Dubai: The UAE’s individual financial wealth reached $600 billion in 2020 despite the pandemic impacting the local economy, according Boston Consulting Group’s latest wealth report.
“Although the pandemic posed many challenges, the UAE’s wealth segment has proven to be resilient in the face of adversity - hence the growth it has recorded," said Mustafa Bosca, Managing Director and Partner at BCG. "The National Agenda has driven economic activity, empowering the country to operate in an economy that continues to become increasingly global.

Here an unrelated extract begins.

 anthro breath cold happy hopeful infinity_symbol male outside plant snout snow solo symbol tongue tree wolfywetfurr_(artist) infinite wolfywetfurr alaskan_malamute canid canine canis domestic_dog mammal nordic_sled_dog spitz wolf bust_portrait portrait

As a result, growth in wealth has been recorded despite the mass disruption, placing the UAE in a favorable position for the years ahead.”
The UAE’s financial wealth has grown by a compound annual growth rate (CAGR) of 3 per cent from 2015. According to BCG’s Global Wealth 2021: When Clients Take the Lead, about 70 per cent of UAE’s financial wealth is investable wealth.
The report reveals that despite the pandemic’s enduring financial impact, global wealth grew significantly throughout the crisis and are likely to continue to expand significantly over the next five years, in line with the emerging economic recovery. The UAE, which represented 26 per cent of the GCC’s financial wealth in 2020, is expected to witness strong growth of 4 per cent CAGR to reach $700 billion by 2025 - a $100 billion increase from 2020.
Expand wealth base
The GCC’s financial wealth is forecast to reach $2.7 trillion in 2025 from $2.2 trillion in 2020. A spotlight on onshore asset allocation shows that equities and investment funds, at 47 per cent, accounted for the largest proportion of assets in 2020. The allocation of onshore assets is set to change slightly by 2025, with currency and deposits expected to take the larger share of onshore assets amounting to 47 per cent of the overall onshore asset class in the UAE.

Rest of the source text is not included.